The impact, influence and staying power of the Rastafari Report, he pointed out, has far outweighed any of the other reports emanating from the University, most of which are collecting dust today. Hill remembered seeing the report for the first time as a 17-year old. “It was like a meteor had crashed into the whole world. Jamaica has never been the same since that August day when i first saw it. ”

JPEG 1968 REPRINT OF REPORT ras daniel hartman cover - Copy

Although first published in August 1960 when Rastafari was spelt as two words ‘Ras Tafari’ most people are familiar with the ‘edited, redacted’ version reprinted in 1968 with a Ras Daniel Heartman image on the cover.
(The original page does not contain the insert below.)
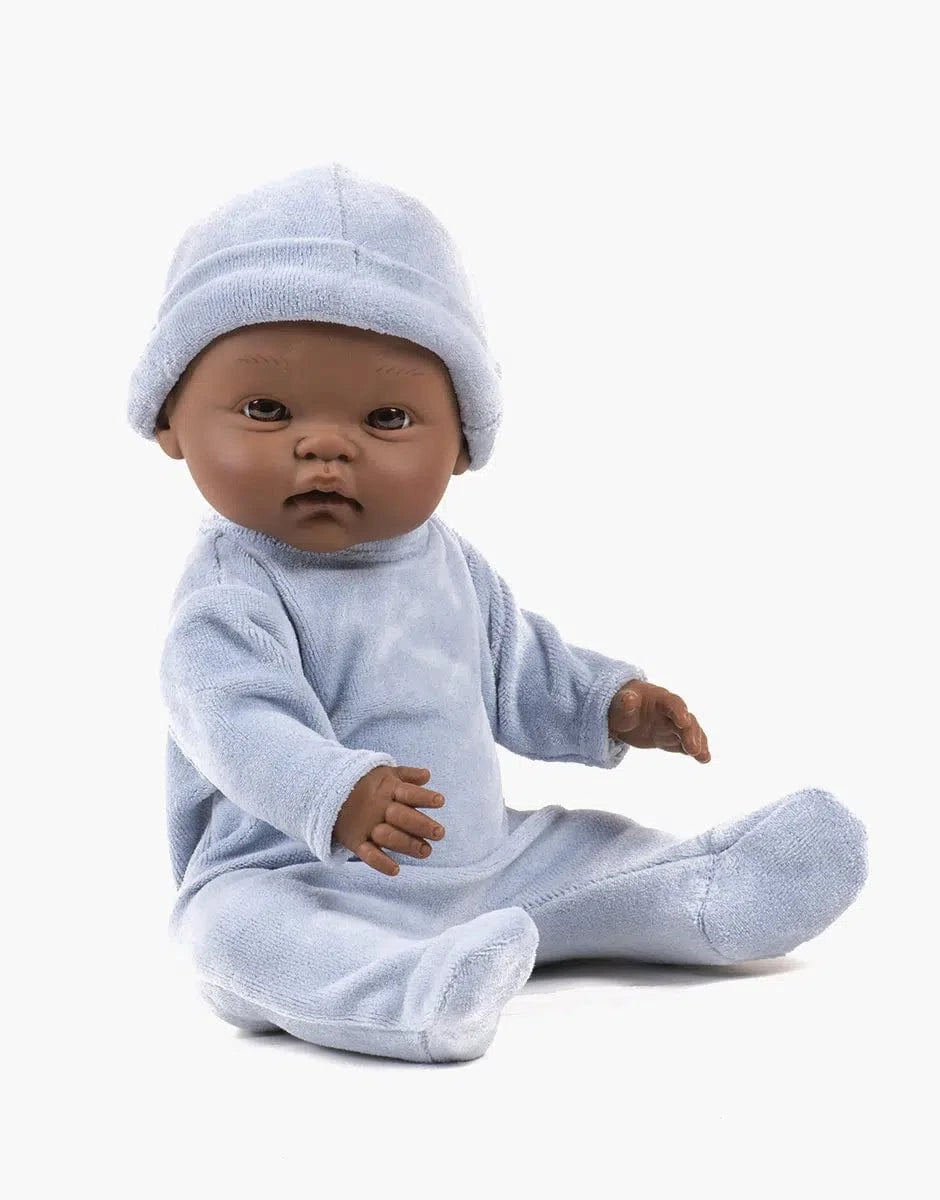 Basile and his Dors Bien in blue Nikky velvet with hat Minikane Lil Tulips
There were many reprints thereafter with different covers like the one below, reprinted in 1975. What the reprints all have in common is that they spell ‘Rastafari’ as one word, again something pointed out by Hill in the course of his lecture.

RRep1975

The Report was a triumph for the Rastafari movement, Hill claimed. “I’m going to say very carefully that the Report was a propaganda victory for the Rastafari Movement…but I’m not using propaganda in its sinister sense, I’m using it in its classic sense, namely the propagation of one’s beliefs.” Hill then went on to recount how the Report ‘armed the mission’ sent by the Jamaican government to Addis Ababa in 1966 to initiate conversations about the repatriation of Rastafari to Africa.

The first date Hill asked his audience to note on their worksheets was the date renowned Nobel Laureate Arthur Lewis took up his position as Principal of the University of the West Indies. April 16, 1960.
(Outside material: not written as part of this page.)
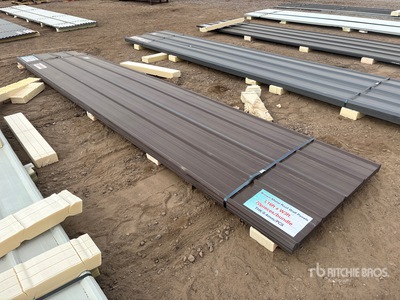 Quantity of (70) 16'ft x 3'ft Brown Metal Roof Panels معدات بناء متنوعة (Unused)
This was where I gave up, unable as i said before, to succinctly convey the gravamen of what Robert Hill was suggesting. Months later I decided to ask Bobby for an interview thinking that would be the best way to capture the sensational charges he was making against the University of the West Indies. He obliged. The interview started modestly but soon swelled to 40 pages. I agonized again over how best to present such a long document here. Finally I realized the simplest way to accomplish this was to publish it as a WordPress ‘page’.

To fully understand some of the points Bobby raises in the interview its important to remember how feared, reviled and despised Rastafarians once were. You can get a good sense of this by reading Roger Mais’s Brotherman, a novel written in the 50s or from Deborah Thomas and Junior Wedderburn’s film Bad Friday, about the Coral Gardens massacre in the 60s. Even VS Naipaul, writing of his visit to Jamaica in 1960, in The Middle Passage, talks about the fear caused by militant Niyabinghi groups pledging ‘death to the whites.’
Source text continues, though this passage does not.